**Given entries**
--

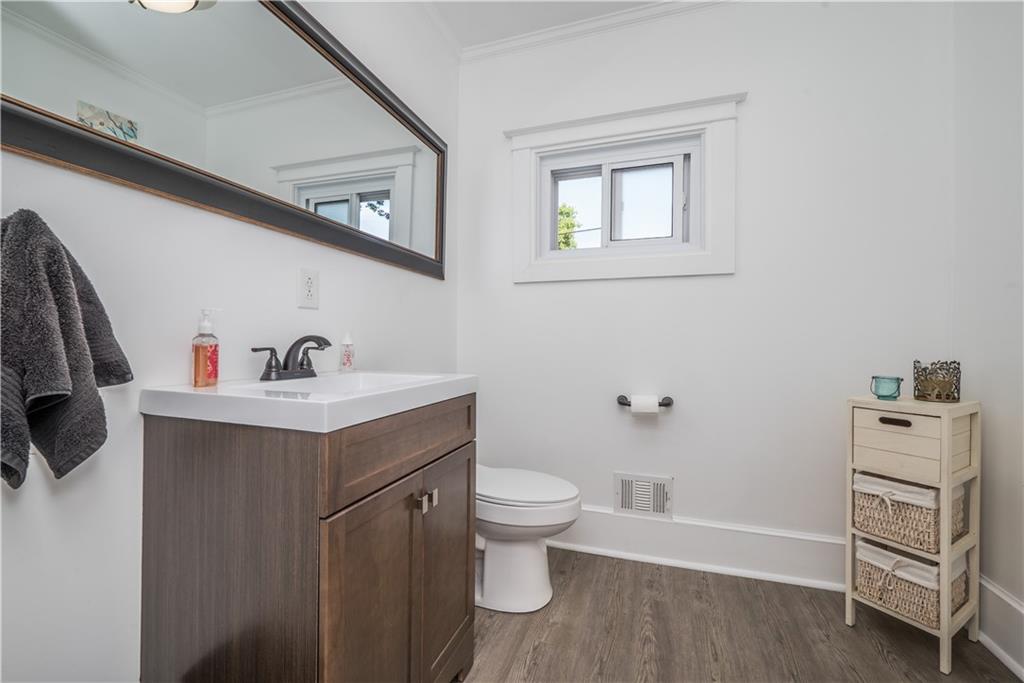 2716 Castlegate Avenue Pittsburgh, PA 15226 - Photo 28 of 50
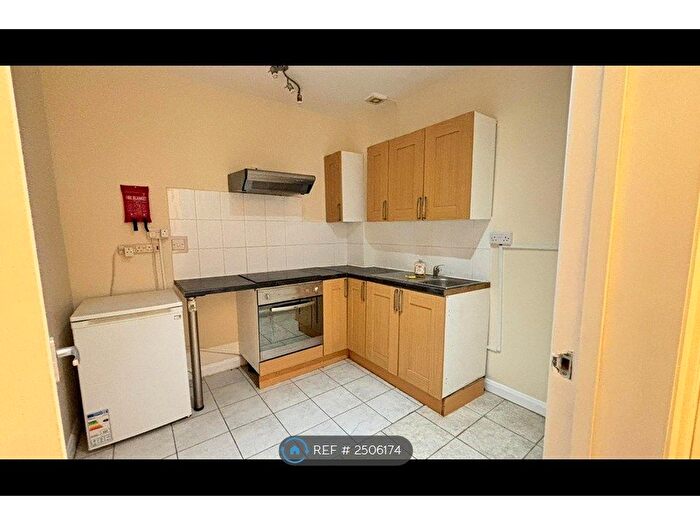 Studio To Rent In The Grove, London, N3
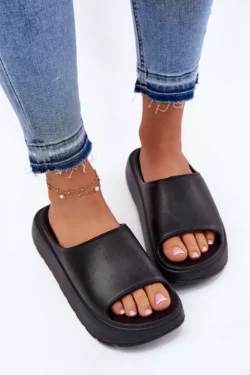 Juodų moteriškų "Xalvania" platformos putplasčio sandalų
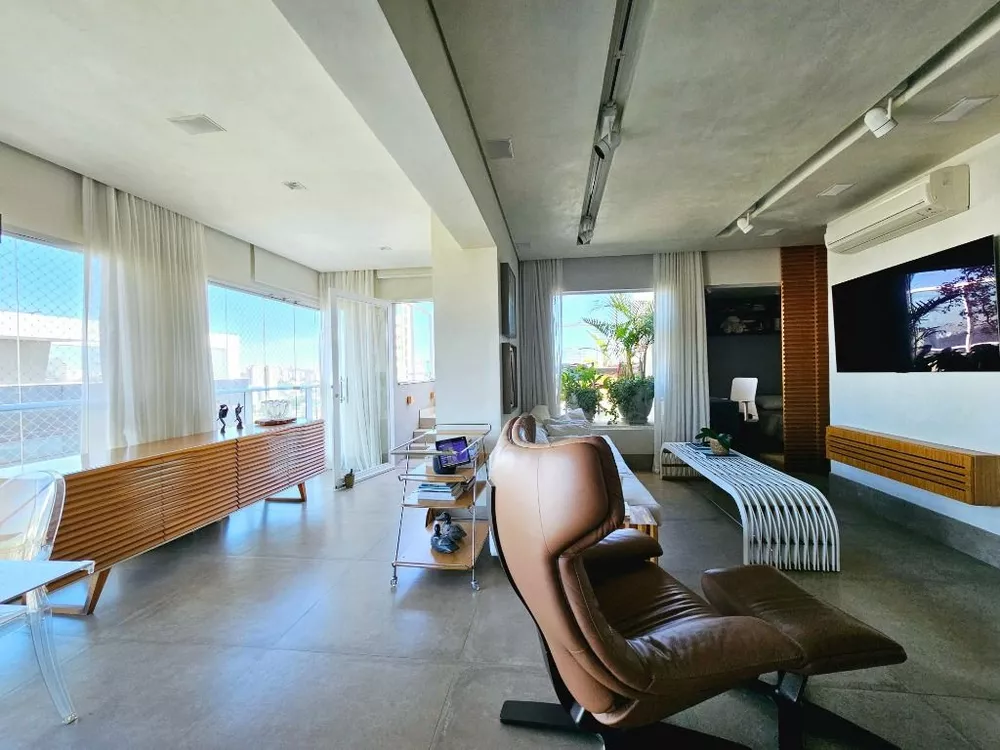 Cobertura, 3 quartos, 230 m² - Foto 4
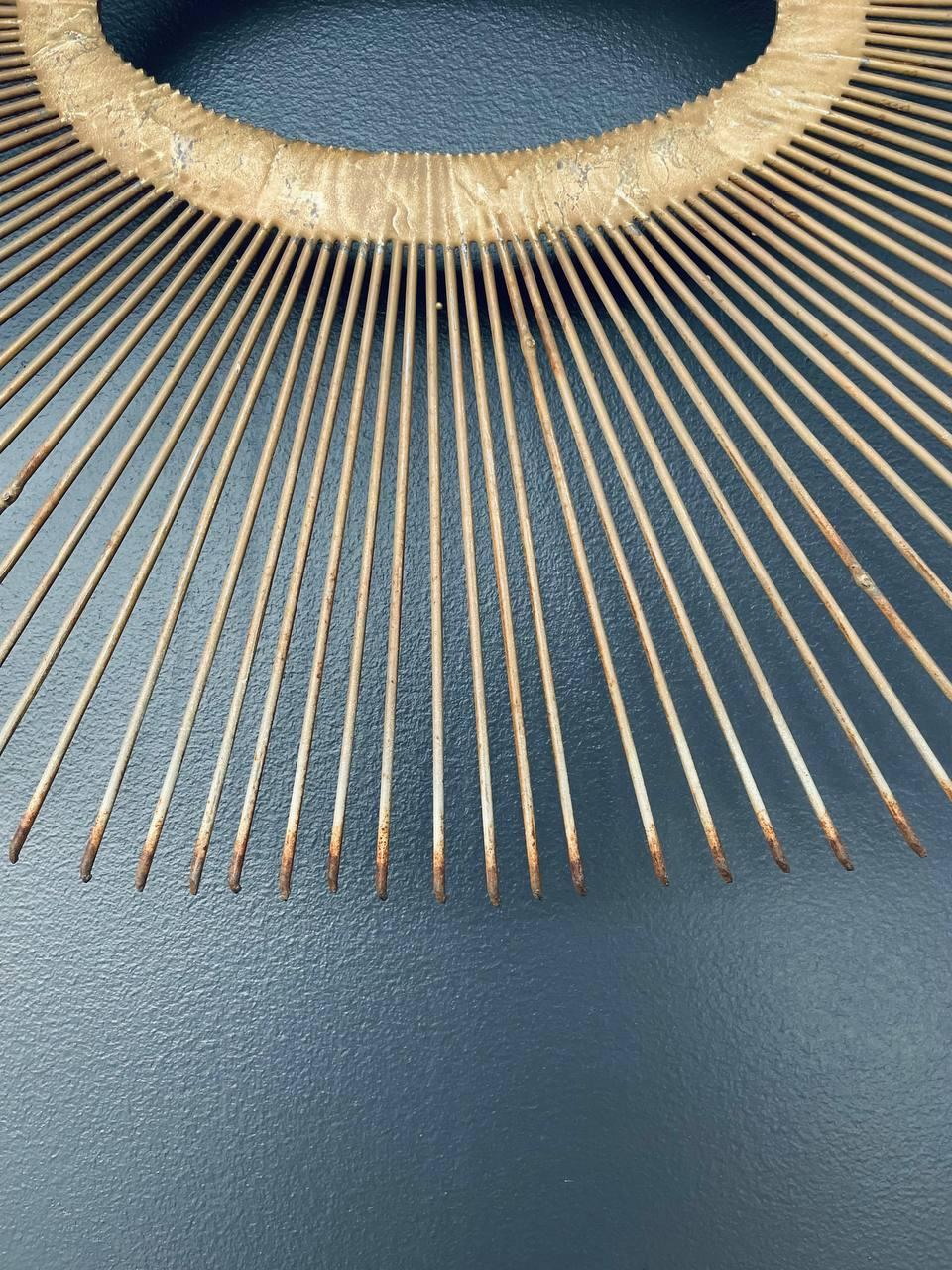 Paire de sculptures murales Mid-Century Modern Spray Sunburst en vente 3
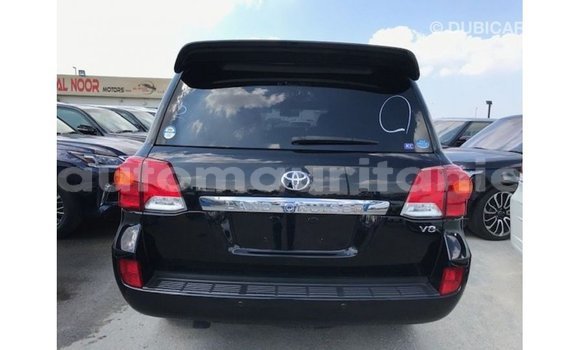 Acheter Import Voiture Toyota Land Cruiser Noir à Import - Dubai, Adrar Acheter Import Voiture Toyota Land Cruiser Noir à Import - Dubai, Adrar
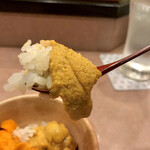 鮨処 多田 - 小樽のムラサキウニ リフト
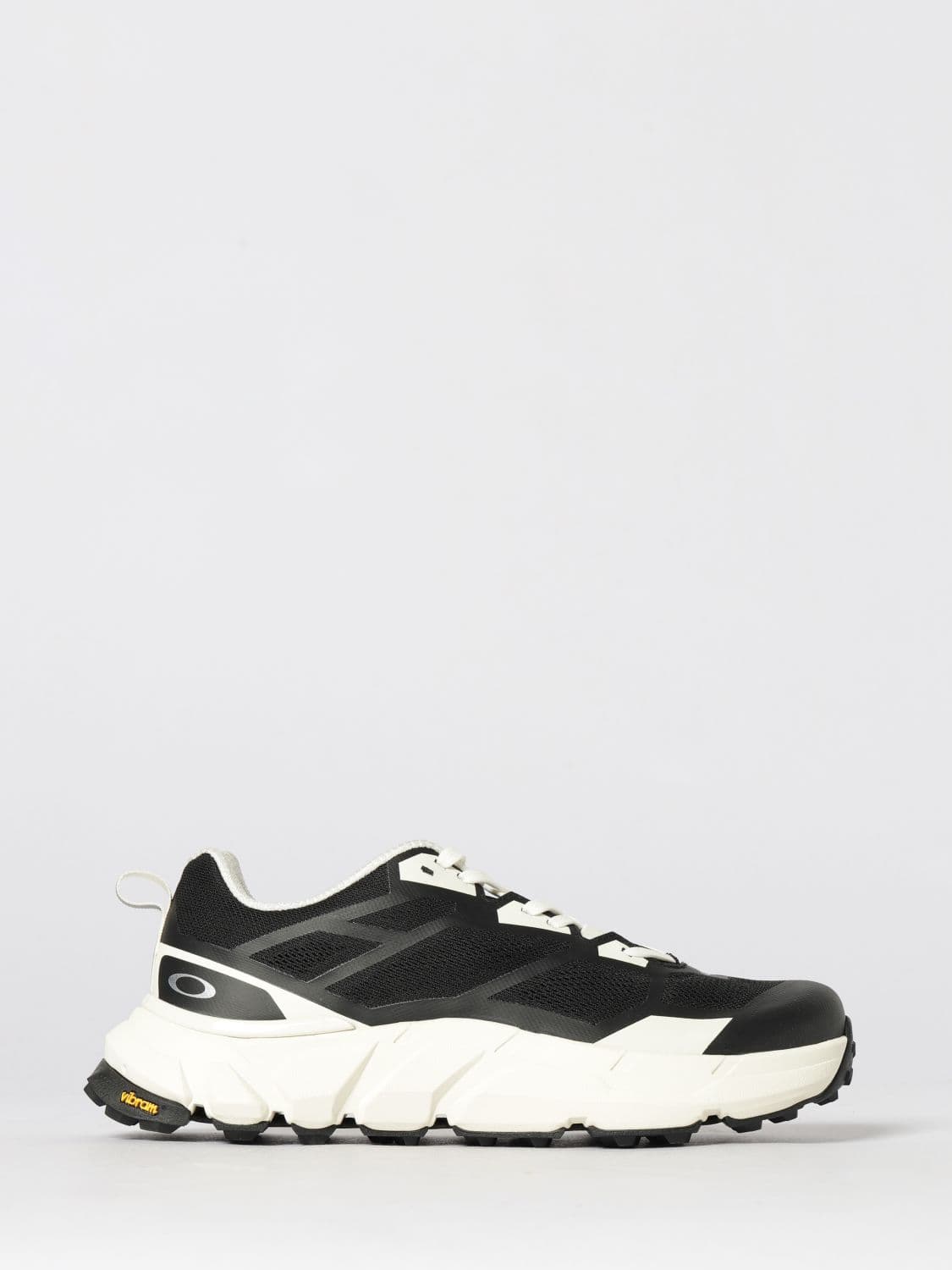 Oakley Light Breathe Sneakers in Polyester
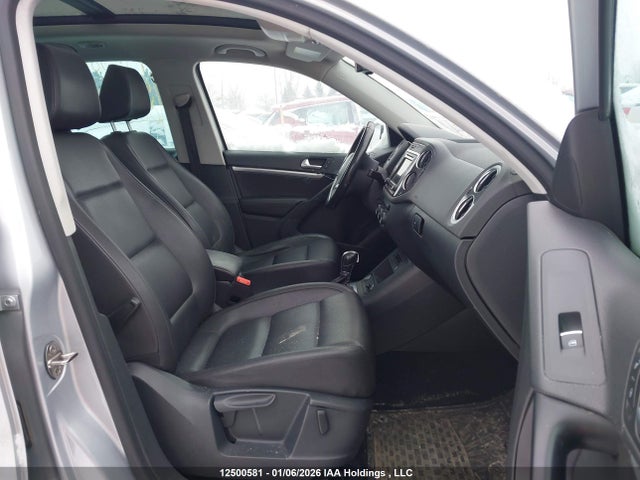 WVGMV7AX2HK039711 Volkswagen Tiguan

--

Pictures are not part of the copy. Please reproduce the material word for word.

 2716 Castlegate Avenue Pittsburgh, PA 15226 - Photo 28 of 50
 Studio To Rent In The Grove, London, N3
 Juodų moteriškų "Xalvania" platformos putplasčio sandalų
 Cobertura, 3 quartos, 230 m² - Foto 4
 Paire de sculptures murales Mid-Century Modern Spray Sunburst en vente 3
 Acheter Import Voiture Toyota Land Cruiser Noir à Import - Dubai, Adrar Acheter Import Voiture Toyota Land Cruiser Noir à Import - Dubai, Adrar
 鮨処 多田 - 小樽のムラサキウニ リフト
 Oakley Light Breathe Sneakers in Polyester
 WVGMV7AX2HK039711 Volkswagen Tiguan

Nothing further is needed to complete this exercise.